__WHAT YOU HAVE TO DO__. Would you reproduce each line below exactly, leaving every picture out?

__DATA EXCERPT__.
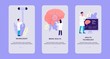 Mobile interfaces set for neurology clinics services flat vector illustration.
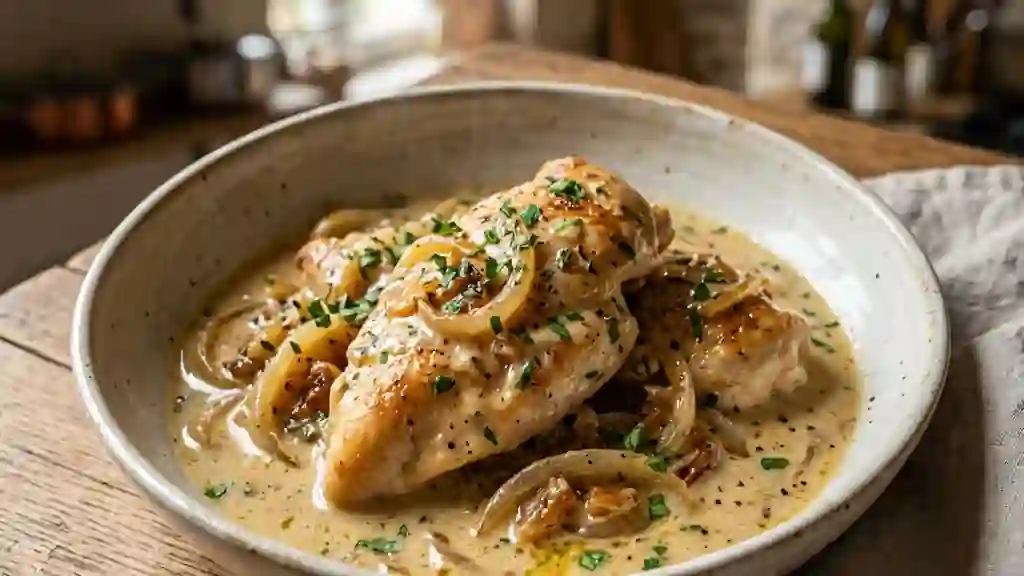Poulet fondant au vin blanc et oignons - Photo de présentation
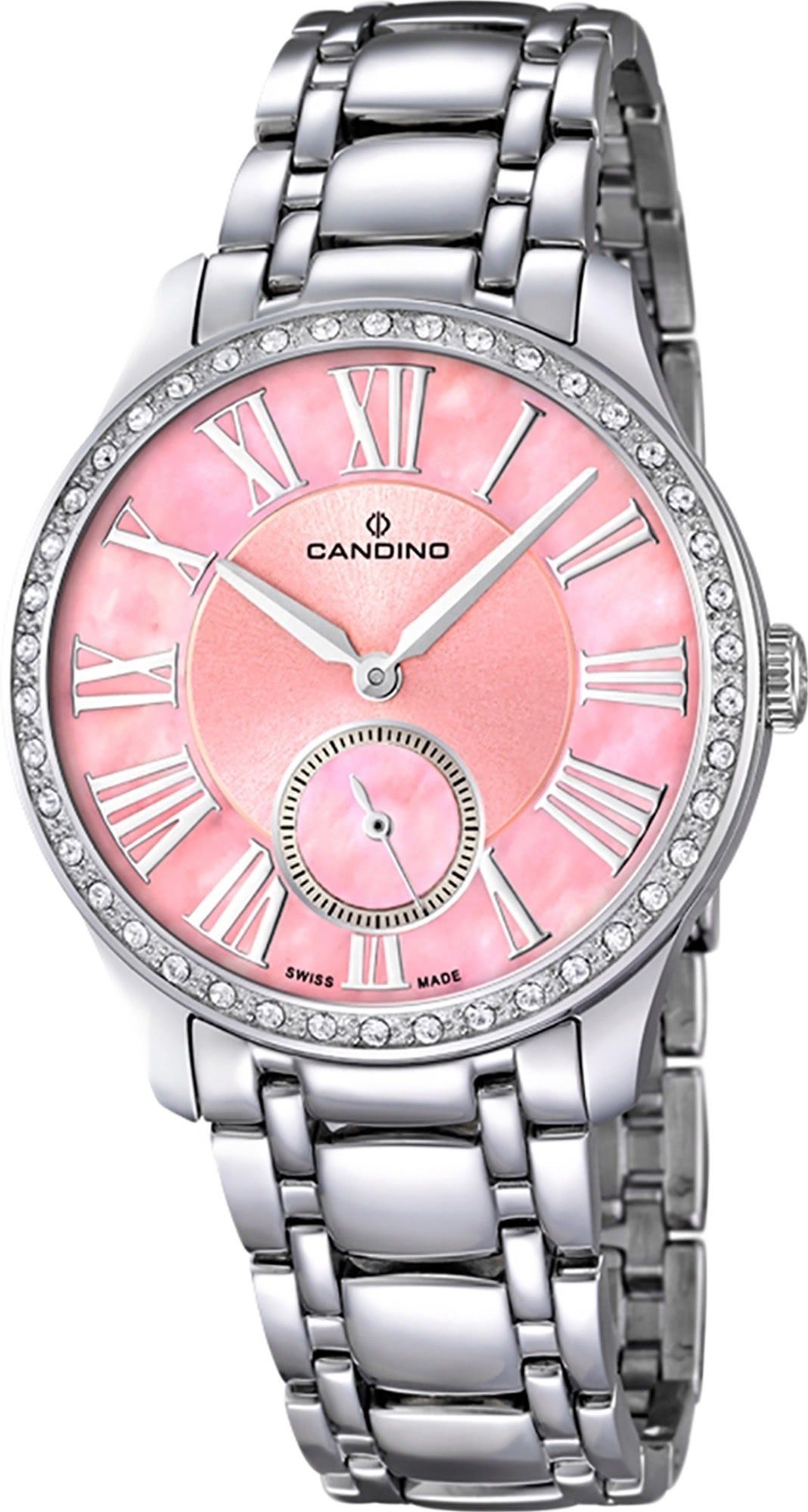 Quarzuhr Damen Candino Fashion silber, rund, Edelstahlarmband Candino Uhr Armbanduhr C4595/2, Analog Damen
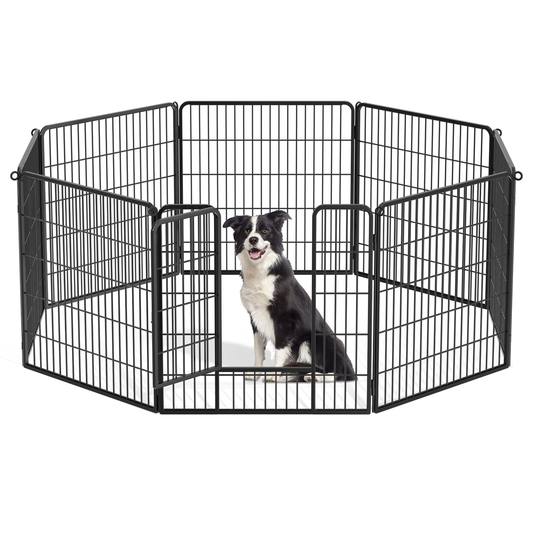 Dog Playpen - 8 Panel - Each 32''Length 32''Height - Black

__TASK SOLUTION__.
 Mobile interfaces set for neurology clinics services flat vector illustration.
Poulet fondant au vin blanc et oignons - Photo de présentation
 Quarzuhr Damen Candino Fashion silber, rund, Edelstahlarmband Candino Uhr Armbanduhr C4595/2, Analog Damen
 Dog Playpen - 8 Panel - Each 32''Length 32''Height - Black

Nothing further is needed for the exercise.